◆ DIRECTIONS FOR THIS TASK ◆
Keep to one stretch of the data below, the lines from the one with "Load image into" up to and including the one with "Massive lightning bolt with dark clouds. Massive", and return that stretch exactly.

◆ RAW DATA ◆
========
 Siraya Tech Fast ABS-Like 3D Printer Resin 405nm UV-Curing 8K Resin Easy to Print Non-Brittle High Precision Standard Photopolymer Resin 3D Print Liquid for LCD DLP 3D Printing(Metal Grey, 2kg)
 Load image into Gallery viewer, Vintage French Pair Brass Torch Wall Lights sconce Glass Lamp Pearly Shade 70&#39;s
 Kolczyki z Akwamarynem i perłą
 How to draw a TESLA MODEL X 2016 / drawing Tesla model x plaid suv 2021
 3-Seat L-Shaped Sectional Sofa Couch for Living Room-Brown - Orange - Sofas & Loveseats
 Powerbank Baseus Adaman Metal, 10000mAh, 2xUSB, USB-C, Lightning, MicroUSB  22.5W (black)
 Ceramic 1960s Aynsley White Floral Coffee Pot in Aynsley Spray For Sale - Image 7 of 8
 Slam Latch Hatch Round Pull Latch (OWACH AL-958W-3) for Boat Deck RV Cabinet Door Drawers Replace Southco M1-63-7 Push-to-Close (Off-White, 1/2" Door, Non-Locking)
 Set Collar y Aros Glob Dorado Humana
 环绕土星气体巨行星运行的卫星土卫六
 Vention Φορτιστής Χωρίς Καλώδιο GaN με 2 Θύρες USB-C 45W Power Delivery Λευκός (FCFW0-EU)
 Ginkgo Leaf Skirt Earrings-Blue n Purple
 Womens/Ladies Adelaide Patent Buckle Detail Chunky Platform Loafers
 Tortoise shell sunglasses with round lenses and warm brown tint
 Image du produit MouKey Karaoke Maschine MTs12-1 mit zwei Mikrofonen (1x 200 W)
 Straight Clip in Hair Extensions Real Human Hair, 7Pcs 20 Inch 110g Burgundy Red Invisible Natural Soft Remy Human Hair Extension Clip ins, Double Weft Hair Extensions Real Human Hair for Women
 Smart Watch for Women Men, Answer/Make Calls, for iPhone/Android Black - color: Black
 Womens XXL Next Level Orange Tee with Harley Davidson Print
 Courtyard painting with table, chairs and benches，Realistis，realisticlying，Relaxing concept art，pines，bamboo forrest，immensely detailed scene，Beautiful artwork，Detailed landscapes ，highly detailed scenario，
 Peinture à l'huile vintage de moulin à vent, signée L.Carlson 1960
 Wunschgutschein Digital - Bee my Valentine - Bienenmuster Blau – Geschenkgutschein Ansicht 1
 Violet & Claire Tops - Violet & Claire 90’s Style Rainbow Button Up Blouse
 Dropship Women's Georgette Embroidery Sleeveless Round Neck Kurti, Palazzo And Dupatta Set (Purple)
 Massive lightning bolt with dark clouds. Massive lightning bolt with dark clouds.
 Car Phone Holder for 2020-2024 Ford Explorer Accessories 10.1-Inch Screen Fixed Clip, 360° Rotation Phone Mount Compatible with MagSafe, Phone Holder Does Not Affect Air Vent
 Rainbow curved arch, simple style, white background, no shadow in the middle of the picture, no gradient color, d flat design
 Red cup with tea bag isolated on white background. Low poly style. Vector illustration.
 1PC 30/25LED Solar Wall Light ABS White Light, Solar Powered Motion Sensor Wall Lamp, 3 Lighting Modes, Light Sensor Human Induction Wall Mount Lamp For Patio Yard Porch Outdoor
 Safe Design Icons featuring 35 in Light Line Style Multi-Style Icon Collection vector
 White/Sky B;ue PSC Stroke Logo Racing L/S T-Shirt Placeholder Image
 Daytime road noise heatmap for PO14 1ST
========
◆ WRITTEN REPLY ◆
 Load image into Gallery viewer, Vintage French Pair Brass Torch Wall Lights sconce Glass Lamp Pearly Shade 70&#39;s
 Kolczyki z Akwamarynem i perłą
 How to draw a TESLA MODEL X 2016 / drawing Tesla model x plaid suv 2021
 3-Seat L-Shaped Sectional Sofa Couch for Living Room-Brown - Orange - Sofas & Loveseats
 Powerbank Baseus Adaman Metal, 10000mAh, 2xUSB, USB-C, Lightning, MicroUSB  22.5W (black)
 Ceramic 1960s Aynsley White Floral Coffee Pot in Aynsley Spray For Sale - Image 7 of 8
 Slam Latch Hatch Round Pull Latch (OWACH AL-958W-3) for Boat Deck RV Cabinet Door Drawers Replace Southco M1-63-7 Push-to-Close (Off-White, 1/2" Door, Non-Locking)
 Set Collar y Aros Glob Dorado Humana
 环绕土星气体巨行星运行的卫星土卫六
 Vention Φορτιστής Χωρίς Καλώδιο GaN με 2 Θύρες USB-C 45W Power Delivery Λευκός (FCFW0-EU)
 Ginkgo Leaf Skirt Earrings-Blue n Purple
 Womens/Ladies Adelaide Patent Buckle Detail Chunky Platform Loafers
 Tortoise shell sunglasses with round lenses and warm brown tint
 Image du produit MouKey Karaoke Maschine MTs12-1 mit zwei Mikrofonen (1x 200 W)
 Straight Clip in Hair Extensions Real Human Hair, 7Pcs 20 Inch 110g Burgundy Red Invisible Natural Soft Remy Human Hair Extension Clip ins, Double Weft Hair Extensions Real Human Hair for Women
 Smart Watch for Women Men, Answer/Make Calls, for iPhone/Android Black - color: Black
 Womens XXL Next Level Orange Tee with Harley Davidson Print
 Courtyard painting with table, chairs and benches，Realistis，realisticlying，Relaxing concept art，pines，bamboo forrest，immensely detailed scene，Beautiful artwork，Detailed landscapes ，highly detailed scenario，
 Peinture à l'huile vintage de moulin à vent, signée L.Carlson 1960
 Wunschgutschein Digital - Bee my Valentine - Bienenmuster Blau – Geschenkgutschein Ansicht 1
 Violet & Claire Tops - Violet & Claire 90’s Style Rainbow Button Up Blouse
 Dropship Women's Georgette Embroidery Sleeveless Round Neck Kurti, Palazzo And Dupatta Set (Purple)
 Massive lightning bolt with dark clouds. Massive lightning bolt with dark clouds.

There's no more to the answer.